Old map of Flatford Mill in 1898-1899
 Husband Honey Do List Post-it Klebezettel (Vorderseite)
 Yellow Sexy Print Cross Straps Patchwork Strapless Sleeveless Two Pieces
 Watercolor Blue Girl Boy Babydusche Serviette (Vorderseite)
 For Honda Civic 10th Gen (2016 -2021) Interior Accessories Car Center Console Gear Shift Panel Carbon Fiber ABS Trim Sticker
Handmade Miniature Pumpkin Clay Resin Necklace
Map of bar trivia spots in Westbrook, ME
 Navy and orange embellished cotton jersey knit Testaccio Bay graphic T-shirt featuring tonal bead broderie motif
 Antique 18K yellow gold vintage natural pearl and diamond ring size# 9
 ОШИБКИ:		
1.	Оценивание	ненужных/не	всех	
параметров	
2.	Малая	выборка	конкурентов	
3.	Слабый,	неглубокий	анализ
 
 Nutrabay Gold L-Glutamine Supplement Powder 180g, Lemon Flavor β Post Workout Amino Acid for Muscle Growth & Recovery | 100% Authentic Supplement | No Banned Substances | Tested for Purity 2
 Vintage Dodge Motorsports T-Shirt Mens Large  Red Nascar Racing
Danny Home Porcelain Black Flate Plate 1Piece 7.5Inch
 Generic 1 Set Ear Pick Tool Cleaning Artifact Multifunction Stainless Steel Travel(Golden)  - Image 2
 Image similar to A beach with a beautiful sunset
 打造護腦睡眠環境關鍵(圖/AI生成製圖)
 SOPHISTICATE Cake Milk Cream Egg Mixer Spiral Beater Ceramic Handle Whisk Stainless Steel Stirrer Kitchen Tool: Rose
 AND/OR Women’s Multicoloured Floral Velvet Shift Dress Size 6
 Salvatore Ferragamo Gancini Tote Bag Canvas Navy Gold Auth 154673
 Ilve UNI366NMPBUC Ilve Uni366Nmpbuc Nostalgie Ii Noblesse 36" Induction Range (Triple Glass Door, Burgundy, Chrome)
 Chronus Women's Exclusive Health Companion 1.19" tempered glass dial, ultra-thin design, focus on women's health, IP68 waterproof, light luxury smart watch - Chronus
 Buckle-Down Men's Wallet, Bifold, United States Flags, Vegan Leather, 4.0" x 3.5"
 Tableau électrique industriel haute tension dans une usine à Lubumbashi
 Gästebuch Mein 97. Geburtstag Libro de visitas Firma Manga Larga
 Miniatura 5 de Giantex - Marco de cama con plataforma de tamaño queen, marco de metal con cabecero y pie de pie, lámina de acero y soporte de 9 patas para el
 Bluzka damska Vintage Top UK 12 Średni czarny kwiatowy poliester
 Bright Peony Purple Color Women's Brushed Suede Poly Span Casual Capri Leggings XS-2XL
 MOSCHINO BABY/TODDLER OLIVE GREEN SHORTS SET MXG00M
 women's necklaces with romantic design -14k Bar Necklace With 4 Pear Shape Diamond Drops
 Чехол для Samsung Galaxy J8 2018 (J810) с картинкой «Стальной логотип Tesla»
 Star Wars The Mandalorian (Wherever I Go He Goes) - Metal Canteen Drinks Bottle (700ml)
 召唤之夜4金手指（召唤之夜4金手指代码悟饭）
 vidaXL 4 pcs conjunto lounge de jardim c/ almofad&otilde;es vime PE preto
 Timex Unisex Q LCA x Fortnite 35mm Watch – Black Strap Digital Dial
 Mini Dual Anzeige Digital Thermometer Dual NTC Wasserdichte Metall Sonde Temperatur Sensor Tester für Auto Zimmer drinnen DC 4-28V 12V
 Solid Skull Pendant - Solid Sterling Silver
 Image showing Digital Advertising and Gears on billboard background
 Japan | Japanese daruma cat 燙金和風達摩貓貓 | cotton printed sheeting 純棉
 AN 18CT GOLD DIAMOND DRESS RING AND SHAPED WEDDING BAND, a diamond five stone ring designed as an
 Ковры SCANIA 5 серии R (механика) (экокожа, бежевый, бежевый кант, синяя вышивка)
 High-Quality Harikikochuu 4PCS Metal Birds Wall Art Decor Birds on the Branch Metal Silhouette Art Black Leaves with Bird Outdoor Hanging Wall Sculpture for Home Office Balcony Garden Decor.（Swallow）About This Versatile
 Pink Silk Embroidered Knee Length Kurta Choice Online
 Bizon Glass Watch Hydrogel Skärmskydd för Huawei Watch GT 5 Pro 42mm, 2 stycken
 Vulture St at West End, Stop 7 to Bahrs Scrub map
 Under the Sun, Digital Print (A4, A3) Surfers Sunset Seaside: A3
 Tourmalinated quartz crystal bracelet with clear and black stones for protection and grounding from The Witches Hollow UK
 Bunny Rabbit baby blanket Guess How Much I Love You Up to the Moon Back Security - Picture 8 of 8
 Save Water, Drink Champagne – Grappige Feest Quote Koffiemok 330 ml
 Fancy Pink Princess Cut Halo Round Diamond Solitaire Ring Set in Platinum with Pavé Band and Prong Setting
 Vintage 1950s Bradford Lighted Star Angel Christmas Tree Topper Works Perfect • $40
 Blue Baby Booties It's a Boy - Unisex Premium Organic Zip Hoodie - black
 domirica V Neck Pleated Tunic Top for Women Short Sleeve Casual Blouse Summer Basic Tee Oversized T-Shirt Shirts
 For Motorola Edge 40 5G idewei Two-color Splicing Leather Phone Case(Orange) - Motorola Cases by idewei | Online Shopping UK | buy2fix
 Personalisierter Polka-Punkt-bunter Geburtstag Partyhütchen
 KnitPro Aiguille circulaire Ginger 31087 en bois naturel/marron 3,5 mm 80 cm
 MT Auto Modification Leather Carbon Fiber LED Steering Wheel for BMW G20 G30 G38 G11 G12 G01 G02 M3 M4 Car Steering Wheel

# [TASK INSTRUCTIONS]
Produce a verbatim copy of the lines from the one holding "Pink Silk Embroidered" to the final line of the data, and nothing more.

# [REPLY]
 Pink Silk Embroidered Knee Length Kurta Choice Online
 Bizon Glass Watch Hydrogel Skärmskydd för Huawei Watch GT 5 Pro 42mm, 2 stycken
 Vulture St at West End, Stop 7 to Bahrs Scrub map
 Under the Sun, Digital Print (A4, A3) Surfers Sunset Seaside: A3
 Tourmalinated quartz crystal bracelet with clear and black stones for protection and grounding from The Witches Hollow UK
 Bunny Rabbit baby blanket Guess How Much I Love You Up to the Moon Back Security - Picture 8 of 8
 Save Water, Drink Champagne – Grappige Feest Quote Koffiemok 330 ml
 Fancy Pink Princess Cut Halo Round Diamond Solitaire Ring Set in Platinum with Pavé Band and Prong Setting
 Vintage 1950s Bradford Lighted Star Angel Christmas Tree Topper Works Perfect • $40
 Blue Baby Booties It's a Boy - Unisex Premium Organic Zip Hoodie - black
 domirica V Neck Pleated Tunic Top for Women Short Sleeve Casual Blouse Summer Basic Tee Oversized T-Shirt Shirts
 For Motorola Edge 40 5G idewei Two-color Splicing Leather Phone Case(Orange) - Motorola Cases by idewei | Online Shopping UK | buy2fix
 Personalisierter Polka-Punkt-bunter Geburtstag Partyhütchen
 KnitPro Aiguille circulaire Ginger 31087 en bois naturel/marron 3,5 mm 80 cm
 MT Auto Modification Leather Carbon Fiber LED Steering Wheel for BMW G20 G30 G38 G11 G12 G01 G02 M3 M4 Car Steering Wheel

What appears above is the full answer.